Un contexte marqué par la résilience démocratique

La vice-présidente du Bénin, Mariam Chabi Talata, a rappelé le long chemin parcouru par le pays depuis les années d’instabilité politique. Après les coups d’État et les turbulences ayant valu au Bénin le surnom « d’enfant malade de l’Afrique », la Conférence nationale de 1990 a ouvert une ère nouvelle, fondée sur le multipartisme, la liberté d’opinion et la pluralité médiatique. C’est dans cet élan qu’a été créée en 1994 la Haac, première instance de régulation des médias en Afrique de l’Ouest. Pour Mariam Chabi Talata, la régulation doit aujourd’hui se réinventer face aux défis du numérique et de l’intelligence artificielle, tout en restant fidèle aux principes démocratiques. «Comment garantir transparence, égalité et justice à tous les acteurs politiques, quand certains disposent d’une maîtrise poussée des outils numériques et de l’intelligence artificielle ? » s’est-elle interrogée. Elle a également souligné que la régulation ne doit pas se limiter à contraindre, mais qu’elle doit aussi accompagner, former et sensibiliser les médias et les citoyens aux risques et aux bonnes pratiques du numérique.

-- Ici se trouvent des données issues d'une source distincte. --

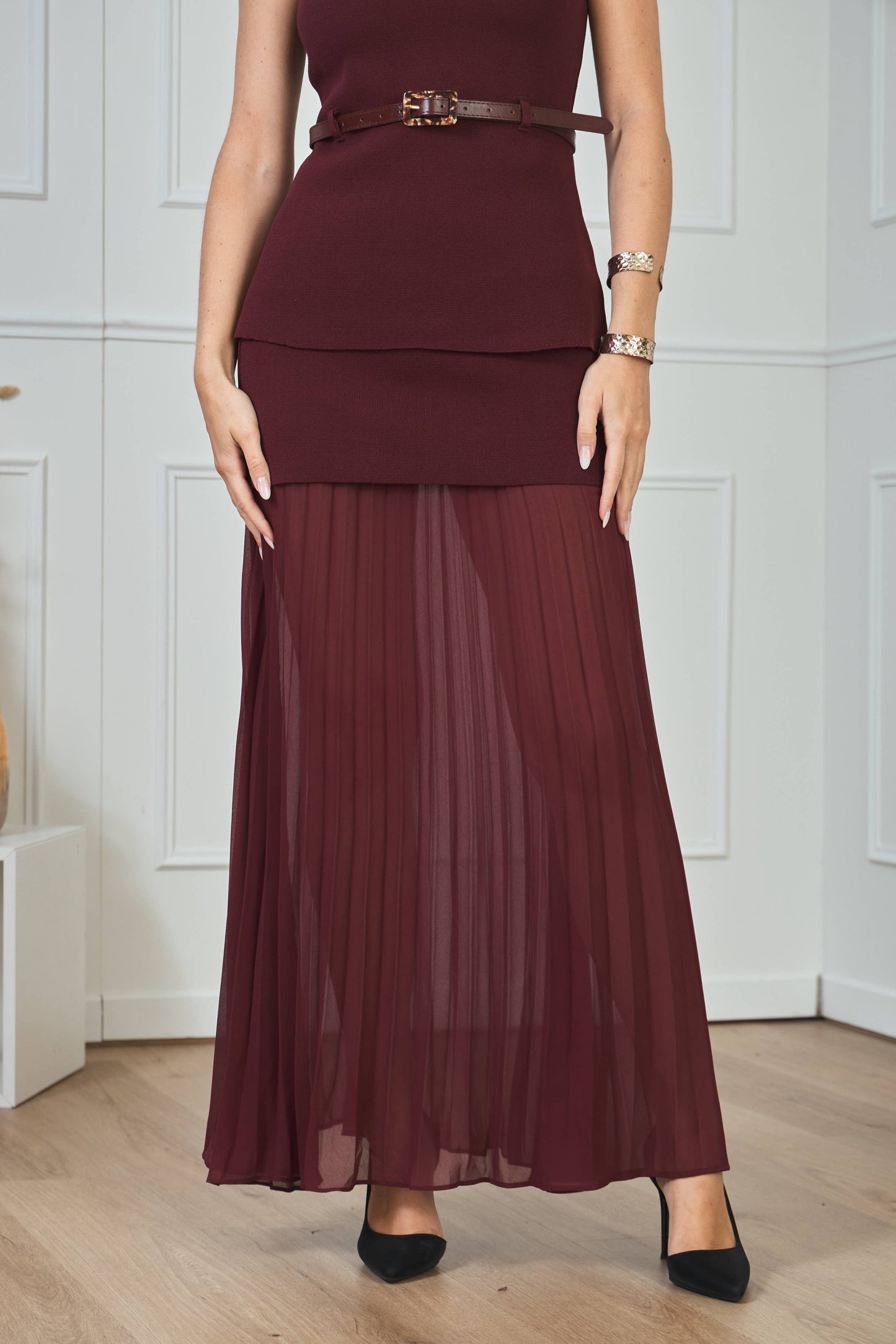 Maxi skirt in Bordeaux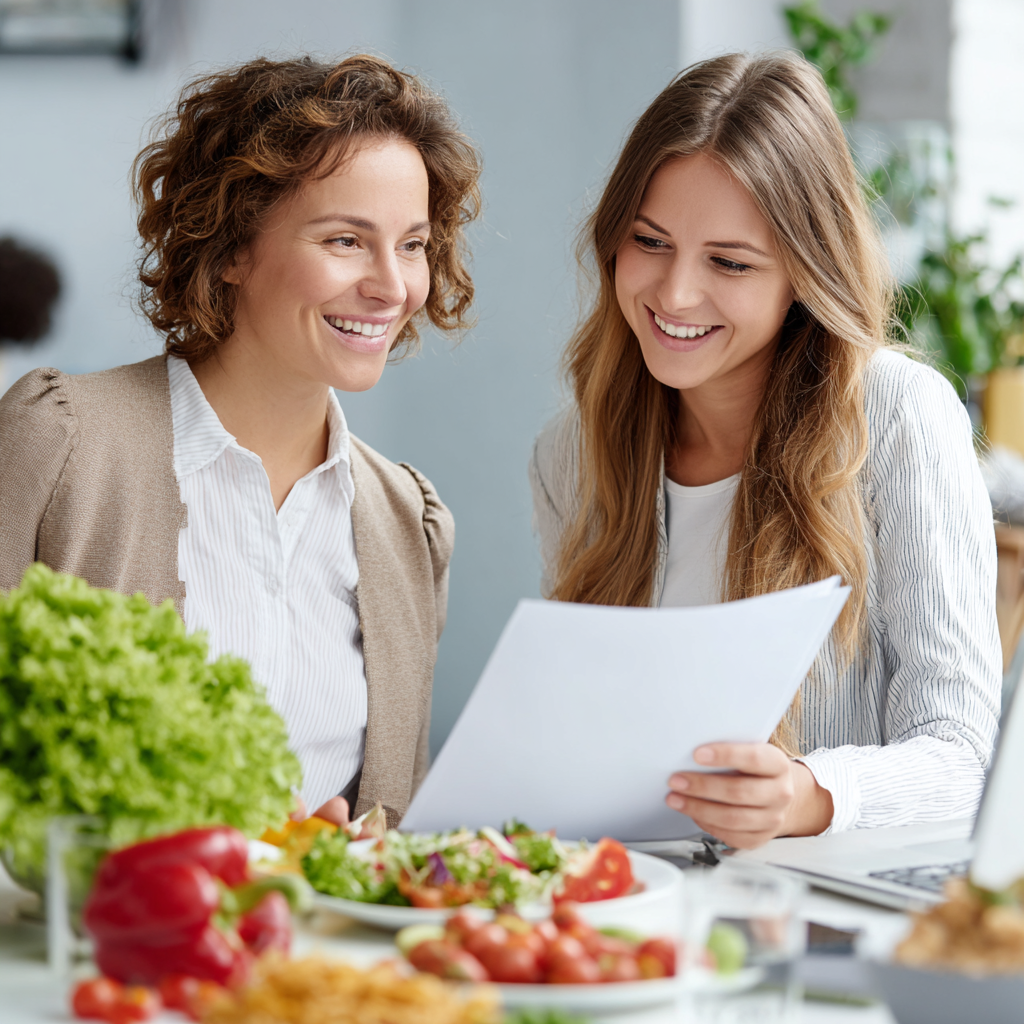 Щаслива жінка європейської зовнішності віком 30-35 років тримає тарілку зі свіжими овочами та фруктами, посміхається, на кухні з природним освітленням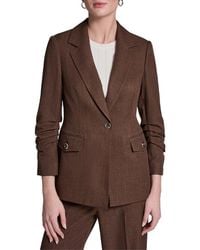 Halston - Rolled Sleeve Textured Blazer - Lyst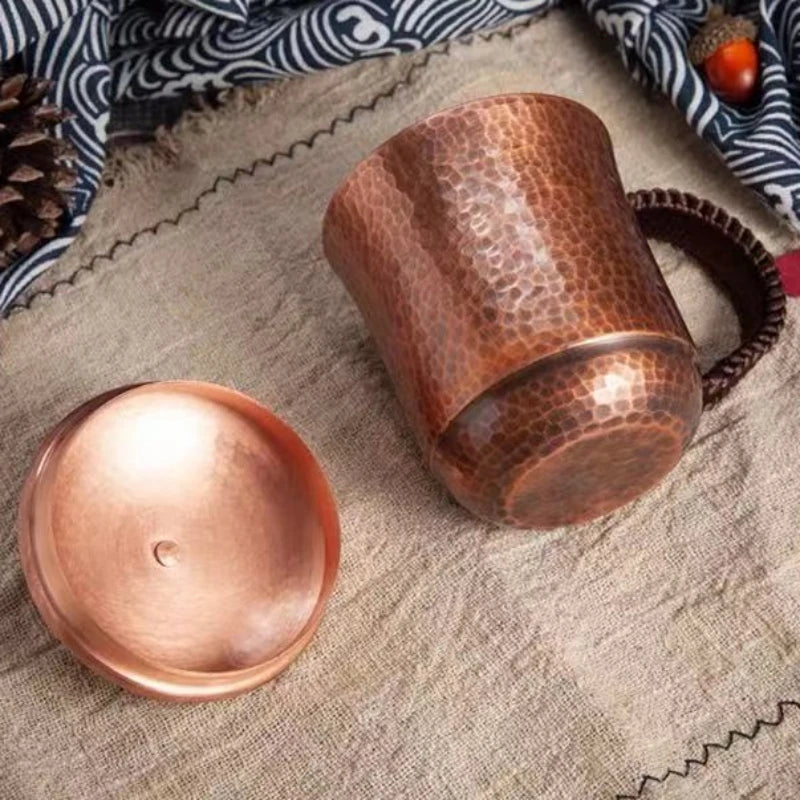 Vintage Pure Copper Coffee Cup with Lid | Moscow Mule Tumbler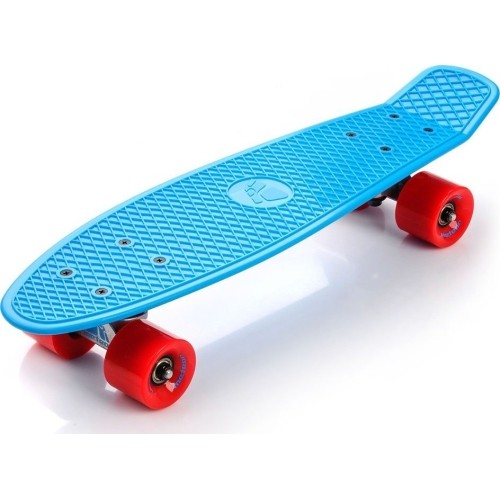 Plastikowa deskorolka - Red/neon blue/silver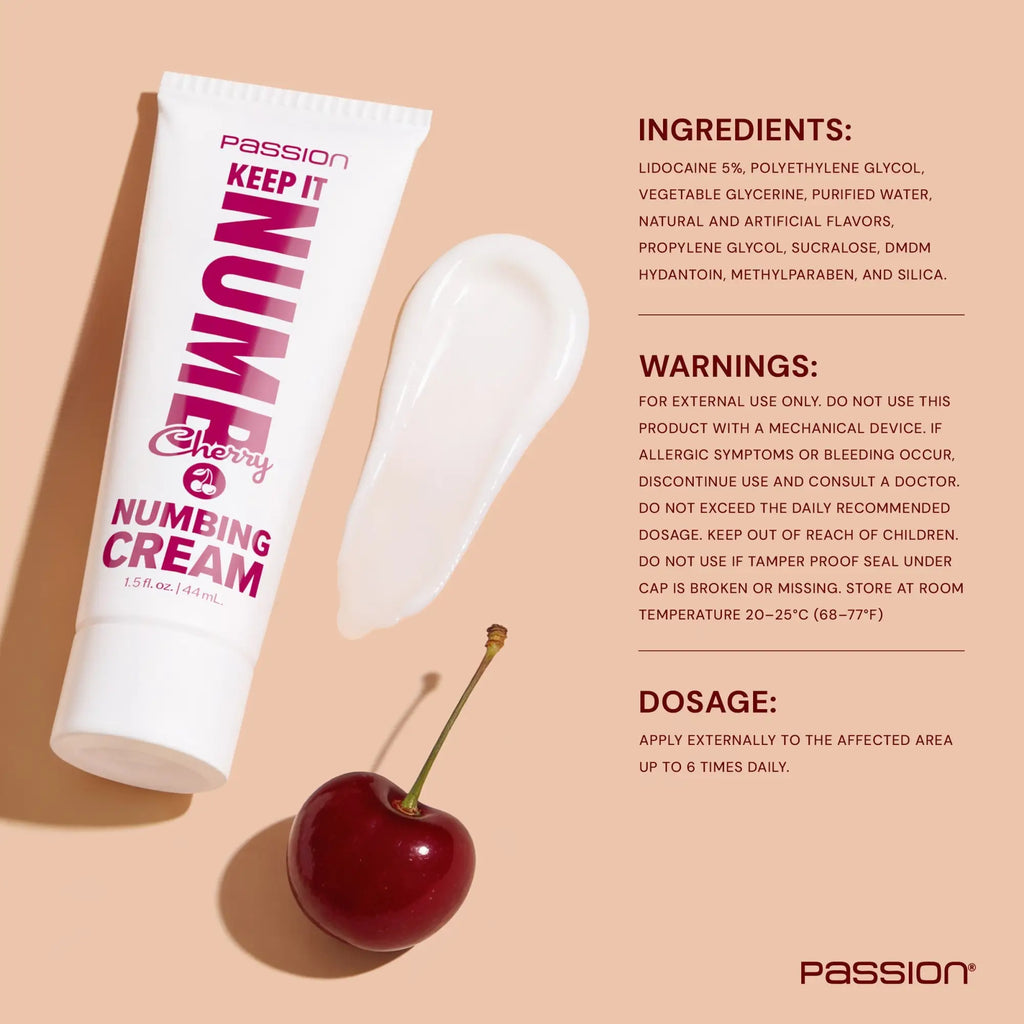 Passion Keep It Numb 1.5oz cherry-flavored numbing cream tube with a cream swatch and a fresh cherry on a tan background.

Mariam Chabi Talata a insisté sur le fait que l’Afrique ne peut plus rester spectatrice des grandes évolutions technologiques mondiales. « L’Afrique doit désormais suivre le monde par ses propres solutions, pertinentes et adaptées à nos réalités électorales», a-t-elle affirmé. Elle a encouragé les régulateurs africains à développer leurs propres cadres réglementaires et outils technologiques, pour ne pas subir passivement les conséquences de l’innovation. Au-delà des discours, le colloque est l’occasion de proposer des pistes concrètes pour renforcer la régulation à l’ère du numérique. Les intervenants ont évoqué la nécessité d’une approche multipartite, impliquant non seulement les institutions publiques, mais aussi les plateformes numériques, les journalistes, la société civile et les citoyens. Cette régulation collaborative devrait, selon eux, combiner innovations technologiques, dispositifs juridiques adaptés et formation continue des acteurs des médias. L’objectif étant de garantir que la technologie serve la démocratie et ne devienne pas une menace pour la stabilité sociale et politique.